The Kennedy case reflects a conflict between three constitutional values: Free Speech; Free Exercise of Religion; and freedom from governmental overreach under the Establishment Clause. Each of the three have large bodies of legal rules developed over decades. The dissenting opinion criticized the failure of the majority opinion to address the Establishment Clause aspects of Kennedy’s actions, and to conflate the school district’s concerns to only whether it would get sued for violating the Establishment Clause. The majority also did not address Kennedy’s actions in the context of interruptions to performing his duties as a coach, the impact of his actions on school programs, the impact of his actions on violations of school policy regarding public access to the field, and the impact of all his actions on the total football program. Only from the dissenting opinion did we learn that the head coach, a veteran with 11 years in the role, resigned from his position, citing fears of violence against him or his staff after Kennedy’s media appearances, and three of five other assistant coaches did not reapply to coach the next year.

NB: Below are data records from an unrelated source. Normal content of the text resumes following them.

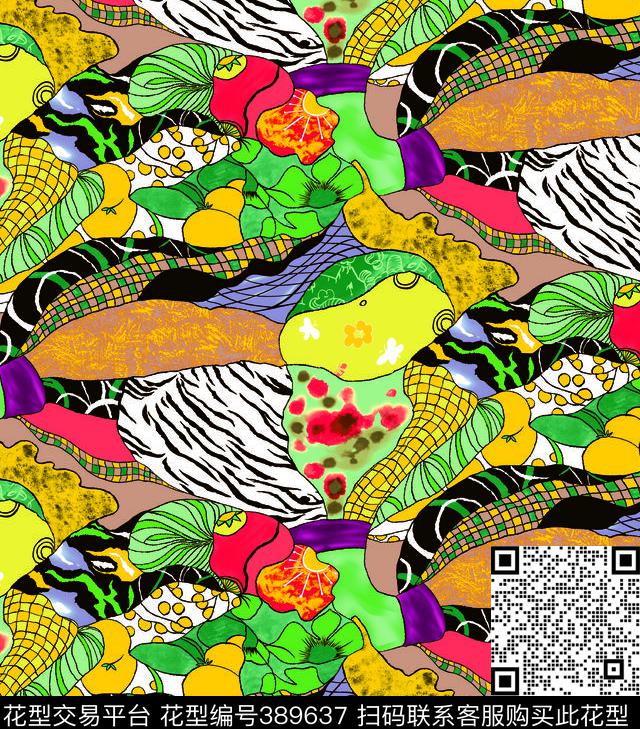 卡通抽象潮流传统印花华亿平台下载（图片编号: 389637） - 瓦栏（Walan）
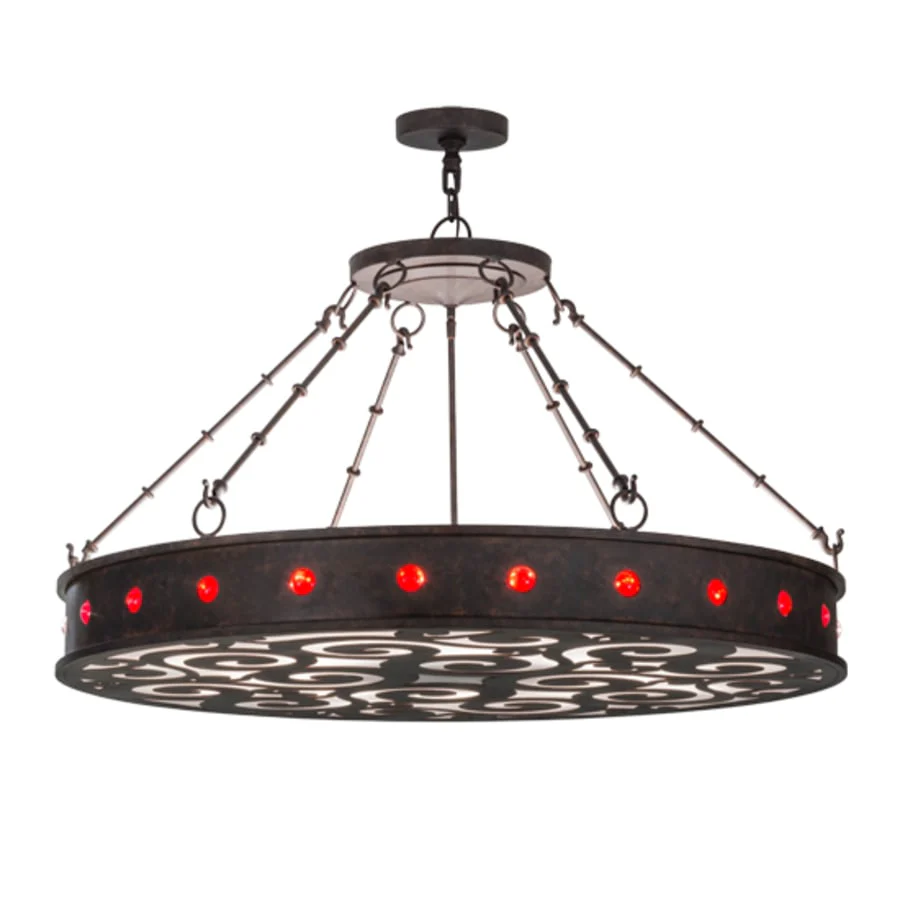 Meyda Tiffany Jules 16 Light 42" Wide Suspension Pendant - Image 3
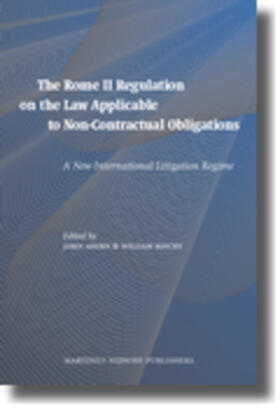 The Rome II Regulation on the Law Applicable to Non-Contractual Obligations
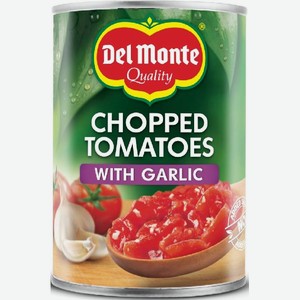 Томаты резаные кусочками в томатном соусе с чеснок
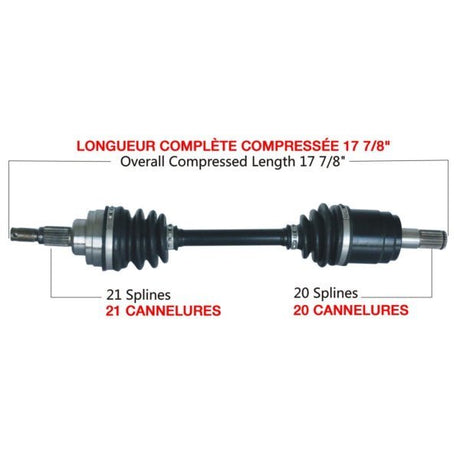 TRAKMOTIVE COMPLETE AXLE (HON - 7034) - Driven Powersports Inc.844084084729HON - 7034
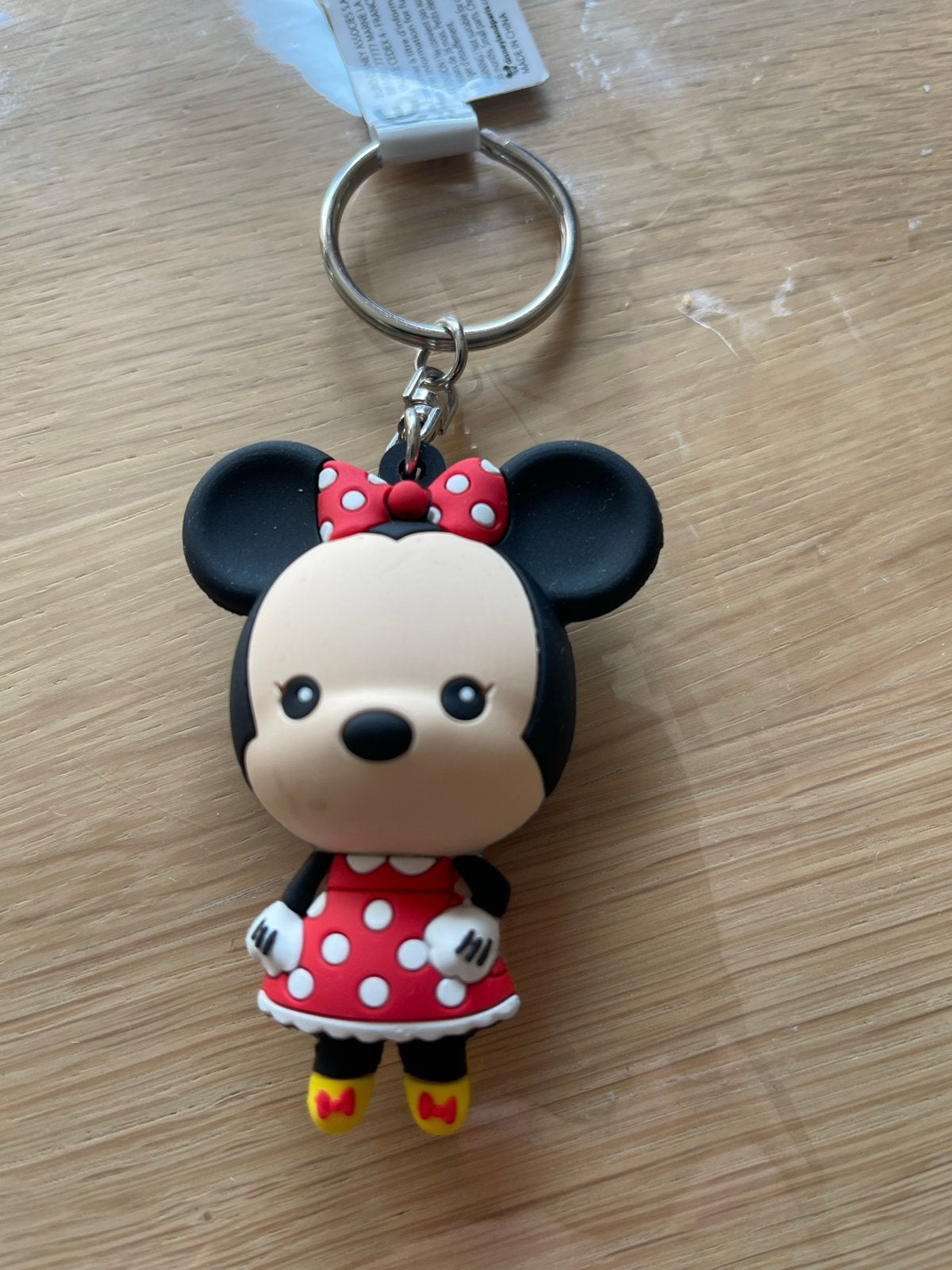 Minnie Mouse sleutelhanger - Disney, Ophalen of Verzenden, Mickey Mouse, Nieuw, Beeldje of Figuurtje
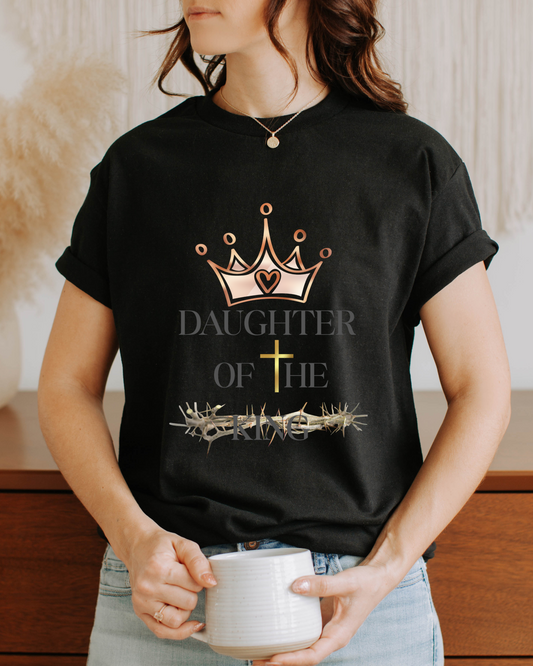 Daughter of the King – Faith & Royalty Tee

As a result of this recently-released decision from the Supreme Court, what do we recommend to school leaders in their practice? We have been taught to think about legal rules always in light of the facts. If you have a situation that is exactly identical to the situation described by Justice Gorsuch in the majority opinion, where an assistant coach habitually performs a demonstrative prayer on the football field, baseball field, or 18 th hole of the golf course immediately after a game or match, and there are no further facts to add, then you might be able to anticipate a similar outcome.
We recommend that any changes that are made in your schools as a result of this decision are small and incremental. Don’t move in any direction too abruptly. The decision doesn’t appear to overturn existing, longstanding decisions about church and state issues. It certainly doesn’t allow a teacher to open a class with prayer or a principal to hire only teachers from her church. Changes in church-state law arising from this decision will occur only during a long period of time, as existing practices get challenged, or new practices invite action from a plaintiff, and the courts will attempt to incorporate this case in decision-making. A long-term trend may be greater allowance for individual religious exercise and therefore the need for school leaders to be more accepting of individual differences in religious expression.